According to experts, opening a PPF account in the name of a partner allows an investor to double their PPF investment limit, although the income tax exemption limit remains at Rs 1.5 lakh.
Speaking on how PPF account in the name of spouse helps an investor double one’s PPF interest income; an expert said, “If an investor has zero risk appetite and it has exhausted its PPF investment limit of Rs 1.5 lakh per annum. It is preferable to open a PPF account in your spouse’s name. As the source of investment in both accounts is the investor himself, the earning person would not be able to seek an income tax exemption in excess of Rs 1.5 lakh. However, PPF has certain additional benefits, such as income tax exemption on PPF interest and maturity amounts. The investor would be able to double his or her investment limit from 1.5 lakh to 3 lakh by opening a PPF account in the name of his or her spouse, and will benefit from income tax exemption on PPF interest received and PPF maturity sum in both PPF accounts.”

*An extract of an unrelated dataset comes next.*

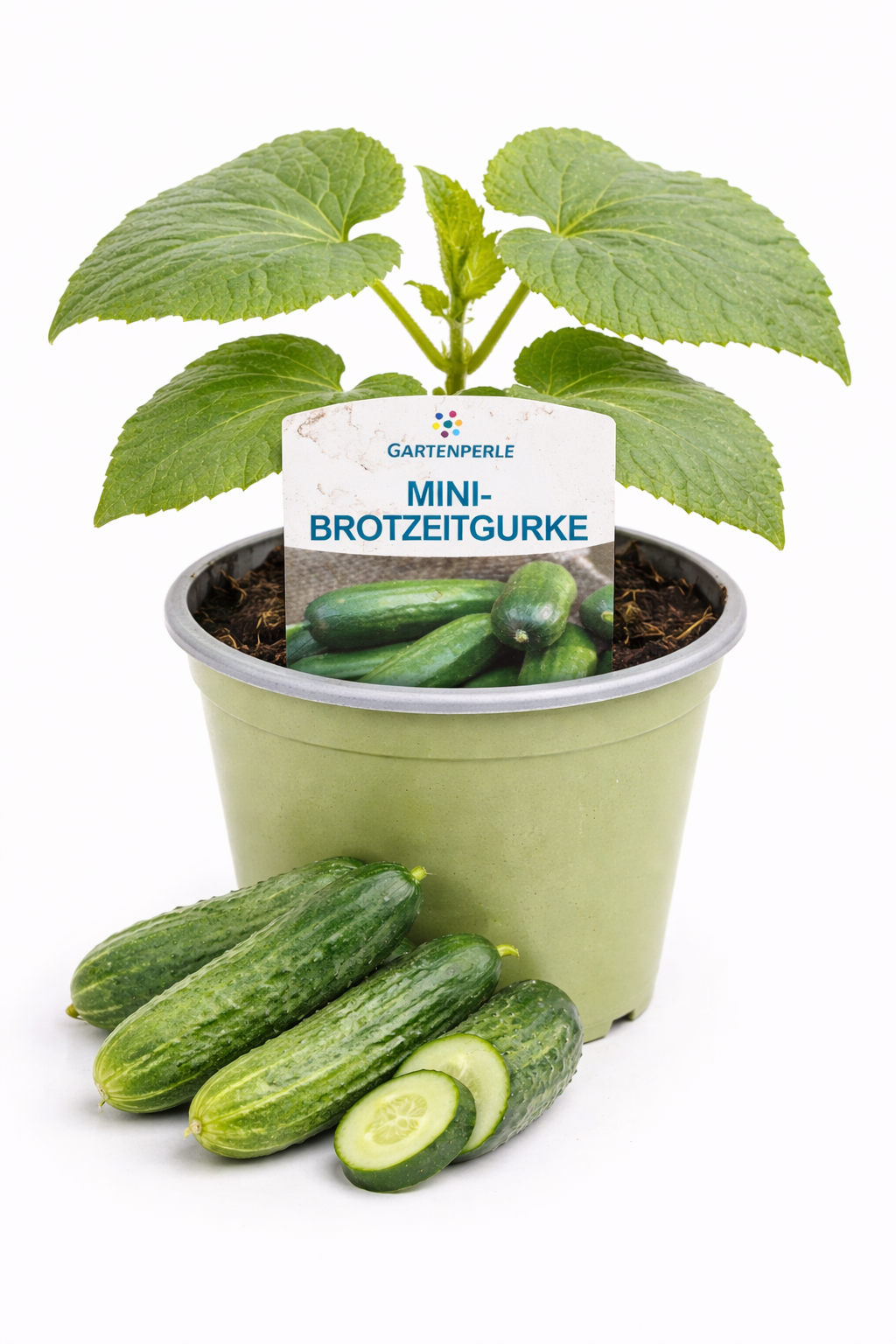 Mini Snackgurke Pflanze 🥒 für Balkon & Garten (10,5 cm Topf)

On how income tax laws benefit investors who open PPF accounts in their own names and in the names of their spouses; said an expert, “After investing in a spouse’s PPF account, the husband’s source of income remains the same, and therefore its income is added to the husband’s.” However, since PPF interest is tax-free, interest paid in a spouse’s PPF account is not included in the husband’s net income. Similarly, the husband receives an income tax gain on the PPF maturity balance that has accrued in his wife’s PPF account.
Another Expert said, PPF investment is limited at 1.5 lakh per financial year under Section 80C of the Income Tax Act, so if the husband’s limit is reached, he will lose the income tax gain on his PPF investment. Otherwise, the husband would receive all of the same benefits from his wife’s PPF account as he does from his own.